**WORK REQUEST**: Could you write out, word for word, each line from the one containing "Blue ) Maayro" to the last line of the data below, both included and nothing more?

**ENTRIES SUPPLIED**:
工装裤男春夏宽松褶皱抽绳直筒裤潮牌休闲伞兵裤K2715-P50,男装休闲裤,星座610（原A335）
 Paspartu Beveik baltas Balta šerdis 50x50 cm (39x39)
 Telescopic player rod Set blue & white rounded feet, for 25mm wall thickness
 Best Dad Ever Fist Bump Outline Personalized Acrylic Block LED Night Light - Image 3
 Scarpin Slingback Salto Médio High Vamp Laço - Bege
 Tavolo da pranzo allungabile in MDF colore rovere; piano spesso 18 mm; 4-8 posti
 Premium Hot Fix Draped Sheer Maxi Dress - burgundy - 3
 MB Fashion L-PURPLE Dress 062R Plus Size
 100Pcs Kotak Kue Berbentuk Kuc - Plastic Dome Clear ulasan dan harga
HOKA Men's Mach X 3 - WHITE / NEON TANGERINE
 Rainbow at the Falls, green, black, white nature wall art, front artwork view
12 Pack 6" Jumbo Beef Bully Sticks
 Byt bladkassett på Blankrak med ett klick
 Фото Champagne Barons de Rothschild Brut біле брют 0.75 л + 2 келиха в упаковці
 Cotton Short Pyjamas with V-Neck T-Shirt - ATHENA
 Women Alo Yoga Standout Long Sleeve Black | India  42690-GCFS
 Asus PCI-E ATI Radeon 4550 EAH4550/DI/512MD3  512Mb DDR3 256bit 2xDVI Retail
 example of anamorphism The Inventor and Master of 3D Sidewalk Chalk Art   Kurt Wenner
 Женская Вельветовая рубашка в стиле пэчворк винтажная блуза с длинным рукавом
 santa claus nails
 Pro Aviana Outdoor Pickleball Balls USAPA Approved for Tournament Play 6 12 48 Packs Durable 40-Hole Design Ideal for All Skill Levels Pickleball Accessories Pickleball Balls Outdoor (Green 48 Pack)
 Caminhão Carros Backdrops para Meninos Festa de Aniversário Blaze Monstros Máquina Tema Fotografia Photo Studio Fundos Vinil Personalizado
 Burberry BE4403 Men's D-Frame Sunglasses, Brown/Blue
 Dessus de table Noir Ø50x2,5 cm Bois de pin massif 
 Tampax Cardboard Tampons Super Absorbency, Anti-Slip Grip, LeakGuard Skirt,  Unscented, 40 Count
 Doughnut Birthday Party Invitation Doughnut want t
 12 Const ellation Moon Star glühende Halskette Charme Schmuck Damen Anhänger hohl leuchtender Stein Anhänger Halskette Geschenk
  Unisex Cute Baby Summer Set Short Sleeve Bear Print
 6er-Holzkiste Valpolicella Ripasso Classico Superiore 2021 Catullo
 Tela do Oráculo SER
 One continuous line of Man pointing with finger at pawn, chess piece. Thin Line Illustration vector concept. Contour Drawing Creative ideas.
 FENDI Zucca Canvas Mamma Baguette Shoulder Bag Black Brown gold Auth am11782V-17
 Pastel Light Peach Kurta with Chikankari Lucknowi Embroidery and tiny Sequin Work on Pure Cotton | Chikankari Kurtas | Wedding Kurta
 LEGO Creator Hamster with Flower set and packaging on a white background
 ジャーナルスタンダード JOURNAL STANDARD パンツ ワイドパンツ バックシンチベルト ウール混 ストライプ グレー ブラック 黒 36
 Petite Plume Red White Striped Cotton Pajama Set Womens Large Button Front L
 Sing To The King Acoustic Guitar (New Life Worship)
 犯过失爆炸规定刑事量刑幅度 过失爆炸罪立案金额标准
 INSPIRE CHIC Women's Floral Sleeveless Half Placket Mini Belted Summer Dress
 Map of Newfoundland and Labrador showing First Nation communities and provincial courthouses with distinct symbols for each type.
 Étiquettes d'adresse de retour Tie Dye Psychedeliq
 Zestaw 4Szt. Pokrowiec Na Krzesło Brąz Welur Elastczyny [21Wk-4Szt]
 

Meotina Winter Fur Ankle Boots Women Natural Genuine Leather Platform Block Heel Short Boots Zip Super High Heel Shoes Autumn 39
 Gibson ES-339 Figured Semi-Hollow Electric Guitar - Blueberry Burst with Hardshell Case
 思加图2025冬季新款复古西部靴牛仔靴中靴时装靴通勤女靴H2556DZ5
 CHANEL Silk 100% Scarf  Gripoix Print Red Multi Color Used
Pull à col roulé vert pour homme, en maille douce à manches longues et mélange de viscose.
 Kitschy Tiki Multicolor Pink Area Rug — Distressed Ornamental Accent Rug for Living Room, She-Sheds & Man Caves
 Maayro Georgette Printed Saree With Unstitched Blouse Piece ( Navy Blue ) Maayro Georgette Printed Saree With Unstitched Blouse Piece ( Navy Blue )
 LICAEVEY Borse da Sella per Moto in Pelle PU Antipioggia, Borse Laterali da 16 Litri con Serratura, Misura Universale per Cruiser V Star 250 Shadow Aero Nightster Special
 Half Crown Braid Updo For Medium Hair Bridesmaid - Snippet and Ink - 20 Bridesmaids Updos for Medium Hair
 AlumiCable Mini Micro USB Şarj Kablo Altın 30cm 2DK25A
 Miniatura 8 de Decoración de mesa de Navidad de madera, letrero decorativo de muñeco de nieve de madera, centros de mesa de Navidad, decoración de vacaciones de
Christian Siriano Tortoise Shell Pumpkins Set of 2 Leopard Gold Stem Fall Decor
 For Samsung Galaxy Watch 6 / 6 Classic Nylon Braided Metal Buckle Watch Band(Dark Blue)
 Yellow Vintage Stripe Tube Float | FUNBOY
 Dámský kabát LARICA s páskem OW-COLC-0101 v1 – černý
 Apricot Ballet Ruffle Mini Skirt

**OUTPUT BELOW**:
 Maayro Georgette Printed Saree With Unstitched Blouse Piece ( Navy Blue ) Maayro Georgette Printed Saree With Unstitched Blouse Piece ( Navy Blue )
 LICAEVEY Borse da Sella per Moto in Pelle PU Antipioggia, Borse Laterali da 16 Litri con Serratura, Misura Universale per Cruiser V Star 250 Shadow Aero Nightster Special
 Half Crown Braid Updo For Medium Hair Bridesmaid - Snippet and Ink - 20 Bridesmaids Updos for Medium Hair
 AlumiCable Mini Micro USB Şarj Kablo Altın 30cm 2DK25A
 Miniatura 8 de Decoración de mesa de Navidad de madera, letrero decorativo de muñeco de nieve de madera, centros de mesa de Navidad, decoración de vacaciones de
Christian Siriano Tortoise Shell Pumpkins Set of 2 Leopard Gold Stem Fall Decor
 For Samsung Galaxy Watch 6 / 6 Classic Nylon Braided Metal Buckle Watch Band(Dark Blue)
 Yellow Vintage Stripe Tube Float | FUNBOY
 Dámský kabát LARICA s páskem OW-COLC-0101 v1 – černý
 Apricot Ballet Ruffle Mini Skirt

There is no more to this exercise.